Mainly applied in the field of servers, memory hot-swap technology improves availability and maintainability of a server. According to the memory hot-swap technology, a server includes a hardware layer, a Basic Input Output System (BIOS) layer, an operating system Operating System (OS) (which may further includes a Virtual Machine Monitor (VMM)) layer. The VMM layer includes at least two memory modules. FIG. 1 shows relationships between the layers. In the logical structure that is shown, the hardware layer provides physical resources that are actually available; the BIOS layer configures these physical resources, reports available resources, and provides an operation interface; the OS may directly use the resources reported by the BIOS, or the VMM virtualizes the resources and then allocates the virtualized resources to the OS for use, that is, the OS is an ultimate user of these resources. In a memory hot-swap technology, the hardware layer provides substantive memory modules and access channels; the BIOS layer initializes a memory, allocates addresses, and reports available addresses to the OS or the VMM; and finally the OS runs a program in or stores data into the memory. Memory hot-swap includes two processes: memory hot-add and memory hot-remove.
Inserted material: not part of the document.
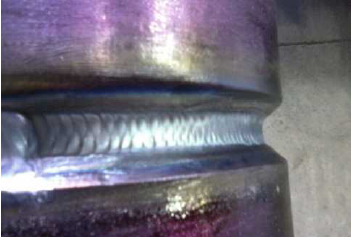 Acompanhamento técnico na fabricação e soldagem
In the prior art, when memory hot-remove is performed, the OS first needs to migrate data at memory addresses that is to be hot-removed to other memory addresses. However, each time before the OS migrates a memory page, the OS needs to gain control of the page and suspends access of another program. Therefore, if to-be-migrated user data is frequently accessed by another program, it takes the OS some time to gain control of the memory page each time. Subsequently, it takes a long time to complete data migration for an entire memory module.
In summary, memory data migration depends closely on the OS, and data distribution and a memory data migration capability that are of the OS may affect success or failure of memory data migration. Therefore, how to implement convenient data migration of a memory module becomes a problem to be urgently addressed currently.